**WHAT YOU HAVE TO DO**
Word for word, repeat all the entries below, but without the pictures.

################

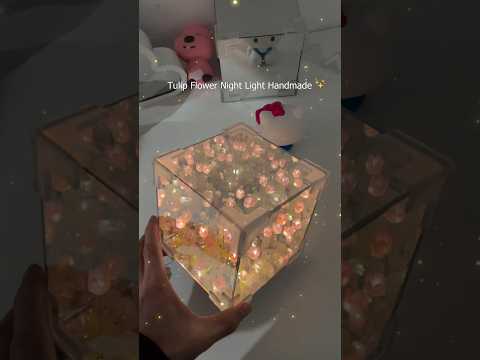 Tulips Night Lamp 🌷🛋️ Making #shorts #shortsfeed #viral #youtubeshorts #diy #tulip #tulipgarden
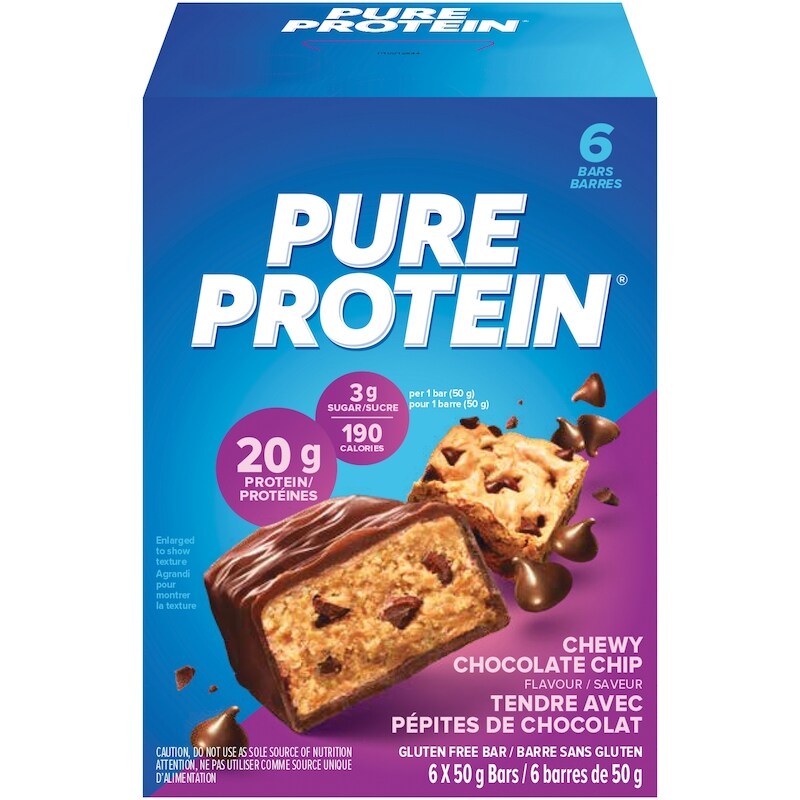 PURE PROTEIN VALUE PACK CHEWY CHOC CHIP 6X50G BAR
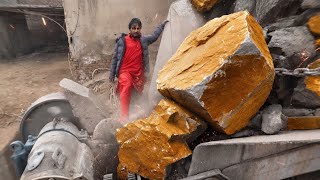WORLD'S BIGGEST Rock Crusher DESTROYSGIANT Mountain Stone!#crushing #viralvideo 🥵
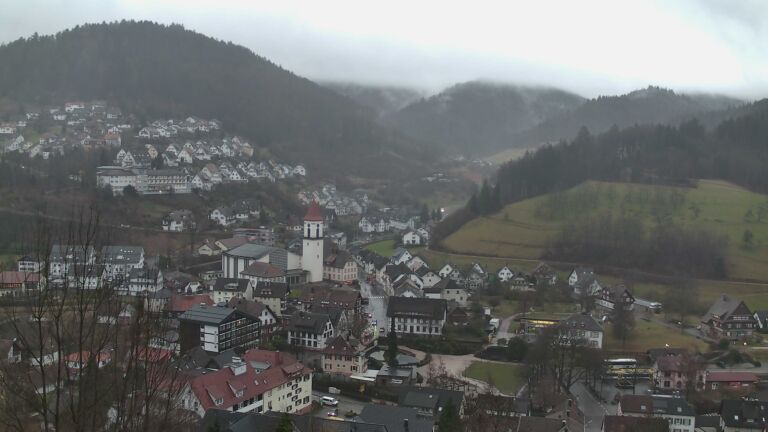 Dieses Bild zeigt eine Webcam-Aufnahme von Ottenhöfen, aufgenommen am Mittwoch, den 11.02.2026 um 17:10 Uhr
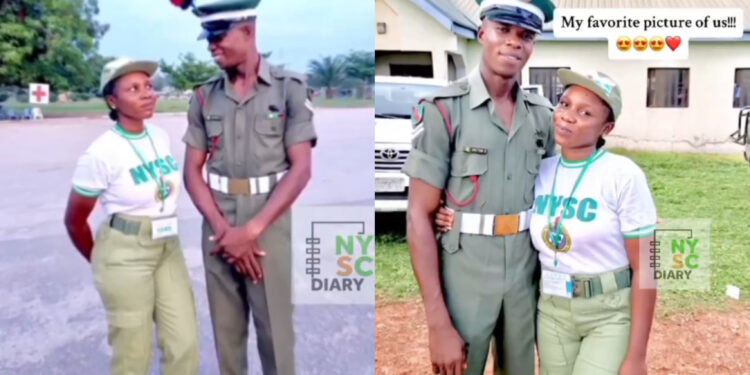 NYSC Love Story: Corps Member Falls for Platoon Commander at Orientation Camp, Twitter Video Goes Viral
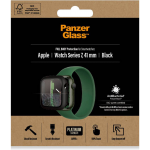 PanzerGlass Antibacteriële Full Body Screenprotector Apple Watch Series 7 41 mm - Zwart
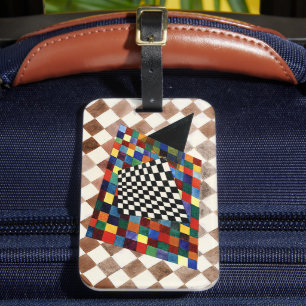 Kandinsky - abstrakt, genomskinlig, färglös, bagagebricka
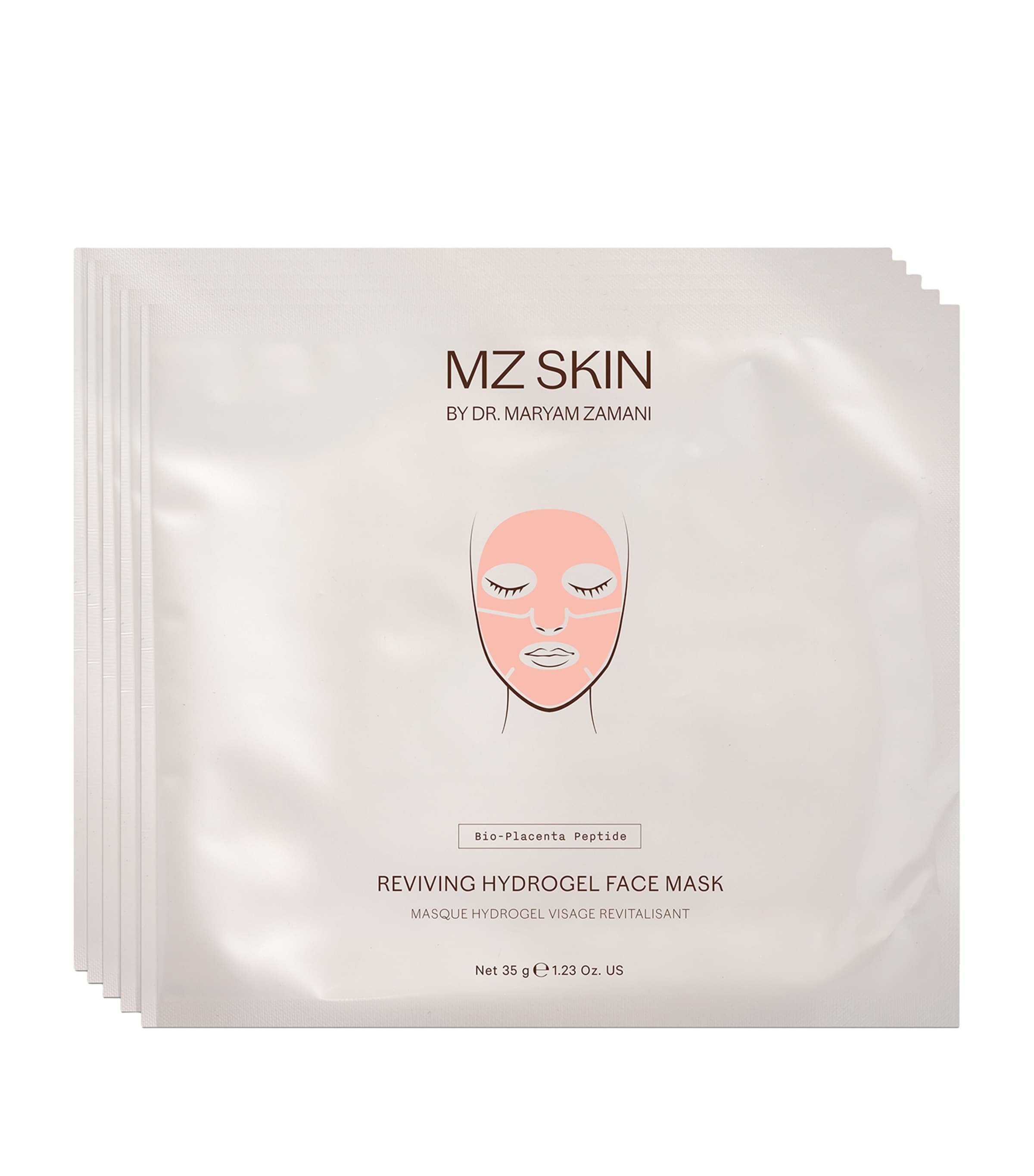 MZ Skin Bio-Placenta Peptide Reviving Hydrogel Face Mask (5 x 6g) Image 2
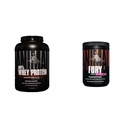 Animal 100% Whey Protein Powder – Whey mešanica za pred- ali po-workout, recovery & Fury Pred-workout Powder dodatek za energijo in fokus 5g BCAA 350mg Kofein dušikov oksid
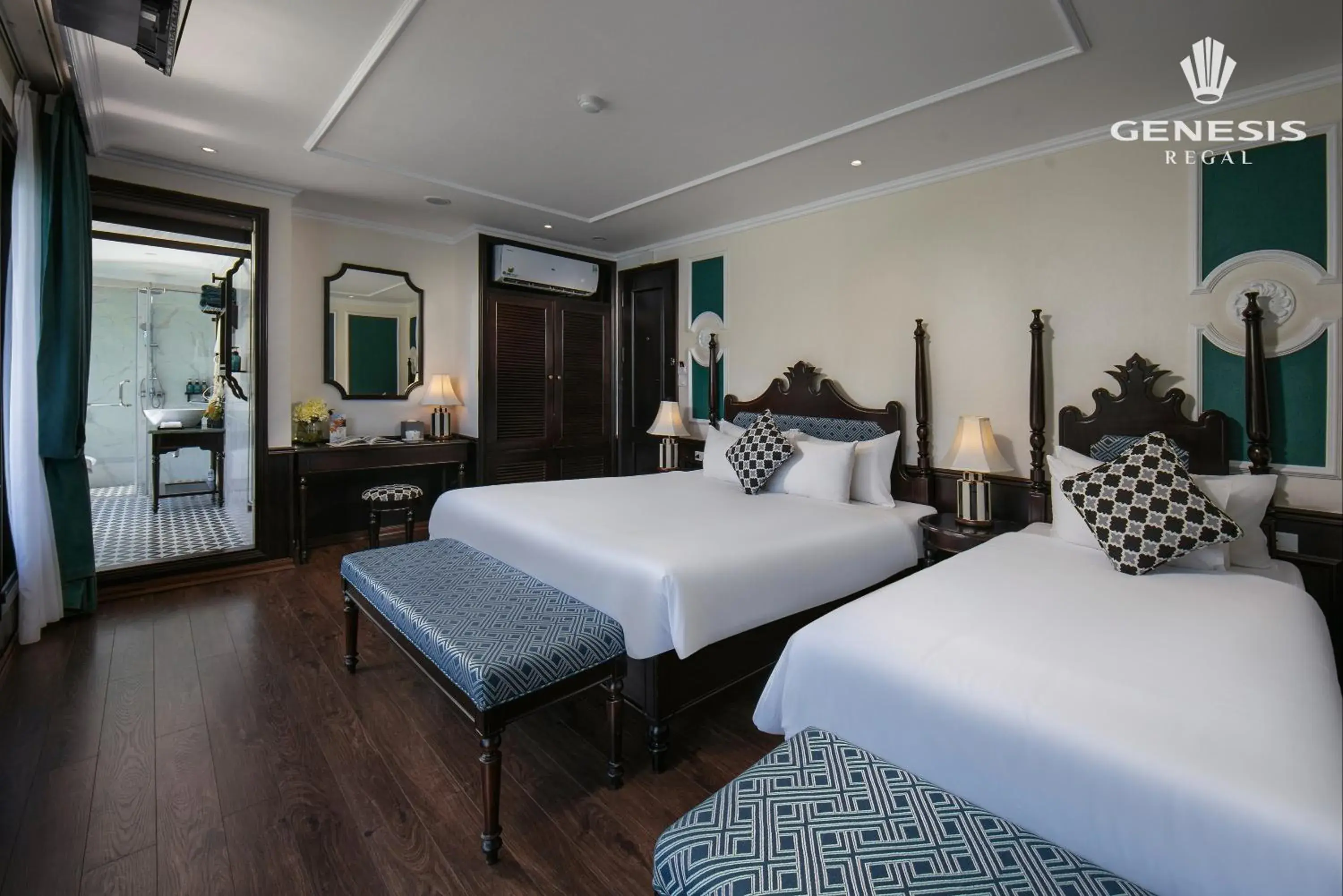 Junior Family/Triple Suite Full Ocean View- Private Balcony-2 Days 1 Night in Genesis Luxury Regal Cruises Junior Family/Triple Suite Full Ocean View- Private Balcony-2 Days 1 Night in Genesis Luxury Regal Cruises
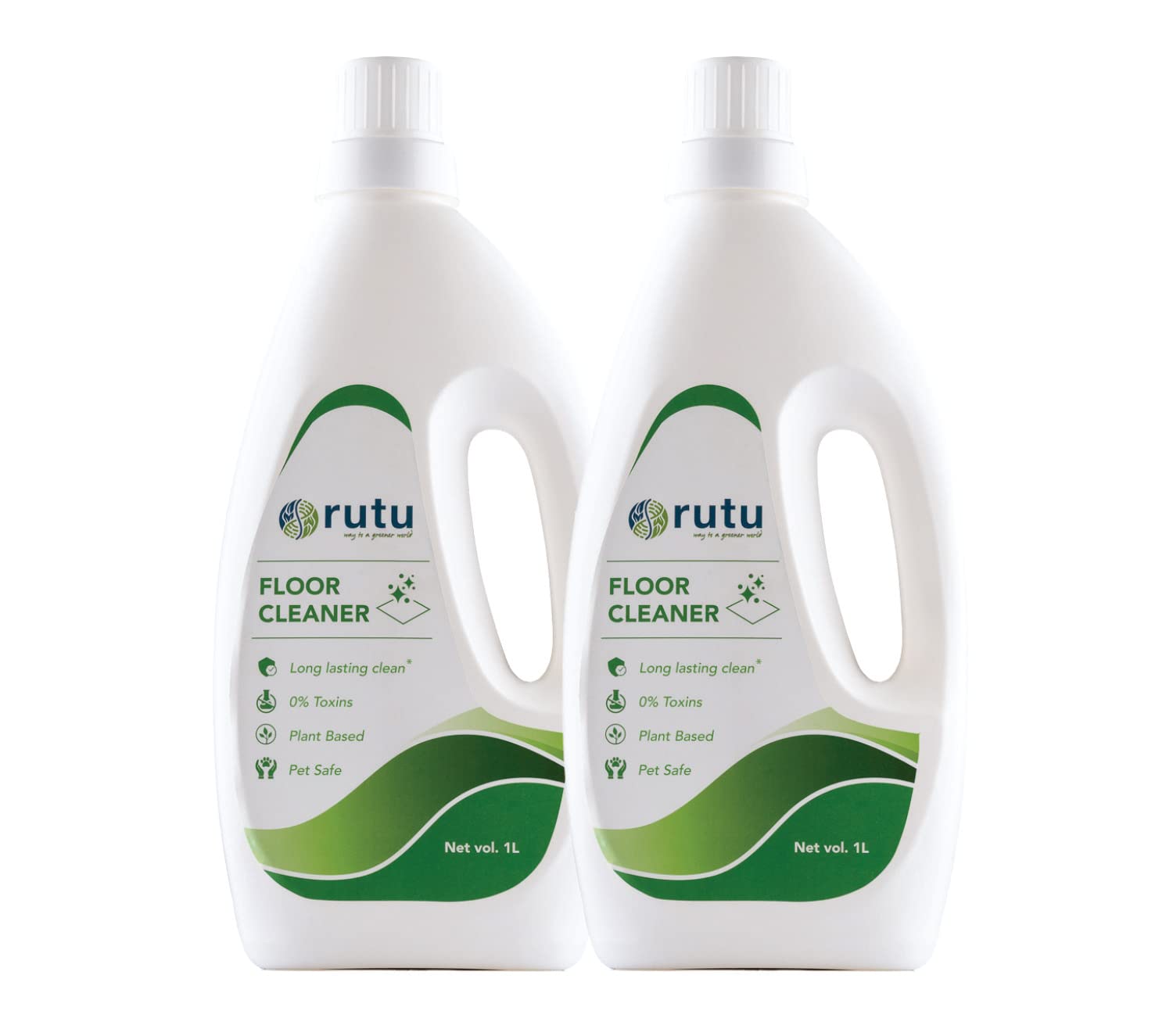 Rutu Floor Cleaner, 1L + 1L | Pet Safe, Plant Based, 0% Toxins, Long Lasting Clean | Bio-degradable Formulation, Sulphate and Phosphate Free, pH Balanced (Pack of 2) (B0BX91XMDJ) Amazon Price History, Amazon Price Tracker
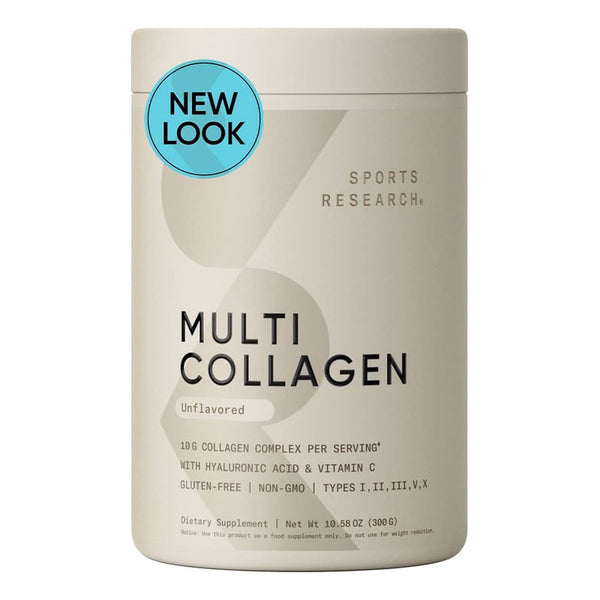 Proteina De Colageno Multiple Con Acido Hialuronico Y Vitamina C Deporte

################

**ANSWER SPACE**
 Tulips Night Lamp 🌷🛋️ Making #shorts #shortsfeed #viral #youtubeshorts #diy #tulip #tulipgarden
 PURE PROTEIN VALUE PACK CHEWY CHOC CHIP 6X50G BAR
WORLD'S BIGGEST Rock Crusher DESTROYSGIANT Mountain Stone!#crushing #viralvideo 🥵
 Dieses Bild zeigt eine Webcam-Aufnahme von Ottenhöfen, aufgenommen am Mittwoch, den 11.02.2026 um 17:10 Uhr
 NYSC Love Story: Corps Member Falls for Platoon Commander at Orientation Camp, Twitter Video Goes Viral
 PanzerGlass Antibacteriële Full Body Screenprotector Apple Watch Series 7 41 mm - Zwart
 Kandinsky - abstrakt, genomskinlig, färglös, bagagebricka
 MZ Skin Bio-Placenta Peptide Reviving Hydrogel Face Mask (5 x 6g) Image 2
 Animal 100% Whey Protein Powder – Whey mešanica za pred- ali po-workout, recovery & Fury Pred-workout Powder dodatek za energijo in fokus 5g BCAA 350mg Kofein dušikov oksid
 Junior Family/Triple Suite Full Ocean View- Private Balcony-2 Days 1 Night in Genesis Luxury Regal Cruises Junior Family/Triple Suite Full Ocean View- Private Balcony-2 Days 1 Night in Genesis Luxury Regal Cruises
 Rutu Floor Cleaner, 1L + 1L | Pet Safe, Plant Based, 0% Toxins, Long Lasting Clean | Bio-degradable Formulation, Sulphate and Phosphate Free, pH Balanced (Pack of 2) (B0BX91XMDJ) Amazon Price History, Amazon Price Tracker
 Proteina De Colageno Multiple Con Acido Hialuronico Y Vitamina C Deporte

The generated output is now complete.